Number of elements in cartesian power with a majority constraint Problem: I would like to know the number of elements in the cartesian power $X^n$ (cartesian product of one set $X$ by itself, $n$ times) with a majority constraint: how many elements in $X^n$ have a (relative) majority of one element of the set (say $x\in X$)?
On top of that, I'd like to fix one element in the cartesian power to a certain value (say the second), and count the number of possibilities with this fixed value.
Simple example: with $X=\{A, B, C\}$ and $n=4$. The question is: how many four-letter words with an $A$ in the second position have a (relative) majority of $A$'s? And how many have a (relative) majority of $B$'s?
Solution for the simple example: We can iterate on the total number $k$ of the element we want as a (relative) majority (say $A$).


*

*With $k=4$ elements being $A$, there is 1 option ($A$ is the majority, and $A$ is in the second position)



$AAAA$



*

*With $k=3$ elements being $A$, there are three possibilities for locating $A$'s. The second element is $A$ by constraint. The two extra $A$'s can be in position $(1,3), (1,4)$ or $(3,4)$. And there is one free position, where it can be everything but $A$: 2 possibilities. In total: $3\times 2=6$ possibilities.
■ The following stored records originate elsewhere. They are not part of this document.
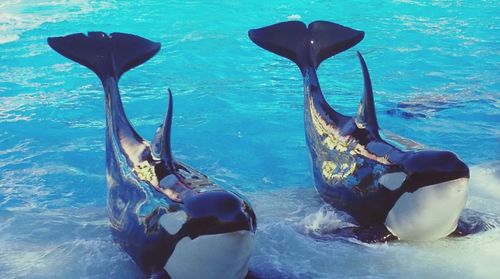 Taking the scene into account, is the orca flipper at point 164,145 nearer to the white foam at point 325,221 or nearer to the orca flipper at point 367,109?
the white foam at point 325,221

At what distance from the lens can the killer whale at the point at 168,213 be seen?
4184mm

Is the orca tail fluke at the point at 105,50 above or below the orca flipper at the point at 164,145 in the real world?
above

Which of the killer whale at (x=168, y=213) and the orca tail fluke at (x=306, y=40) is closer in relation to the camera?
the killer whale at (x=168, y=213)

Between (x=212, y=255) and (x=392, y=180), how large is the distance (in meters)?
1.72

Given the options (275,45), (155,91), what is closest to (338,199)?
(275,45)

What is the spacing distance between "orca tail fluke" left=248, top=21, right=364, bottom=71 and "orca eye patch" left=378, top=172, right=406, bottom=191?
1883mm

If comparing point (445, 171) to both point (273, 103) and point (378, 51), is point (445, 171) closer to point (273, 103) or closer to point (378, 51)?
point (273, 103)

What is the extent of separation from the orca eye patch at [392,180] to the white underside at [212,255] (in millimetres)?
1437

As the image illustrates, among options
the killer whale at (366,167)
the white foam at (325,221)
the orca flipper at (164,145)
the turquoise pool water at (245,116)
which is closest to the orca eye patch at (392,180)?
the killer whale at (366,167)

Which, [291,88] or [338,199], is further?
[291,88]

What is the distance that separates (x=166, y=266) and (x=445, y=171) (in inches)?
80.3

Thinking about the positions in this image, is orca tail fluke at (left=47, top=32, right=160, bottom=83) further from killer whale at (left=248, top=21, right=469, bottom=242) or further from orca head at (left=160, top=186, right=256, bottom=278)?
orca head at (left=160, top=186, right=256, bottom=278)

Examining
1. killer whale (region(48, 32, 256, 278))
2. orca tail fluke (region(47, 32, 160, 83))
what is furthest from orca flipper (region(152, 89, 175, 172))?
orca tail fluke (region(47, 32, 160, 83))

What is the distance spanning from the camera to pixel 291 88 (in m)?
10.8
$AAAB, AAAC, AABA, AACA, BAAA, CAAA$



*

*With $k=2$ elements being $A$'s, there is an extra-challenge: the two remaining positions should not be the same, otherwise $A$'s are not a majority anymore. About locating the $A$'s, one is fixed in the second position and the other $A$ can be in position $(1)$, $(3)$ or $(4)$: 3 possibilities. In the two remaining positions, there are 2 possibilities for the first one ($B$ or $C$ but not $A$) and 1 possibility for the second one (not $A$ and not the same than the first one). Total: 6 possibilities.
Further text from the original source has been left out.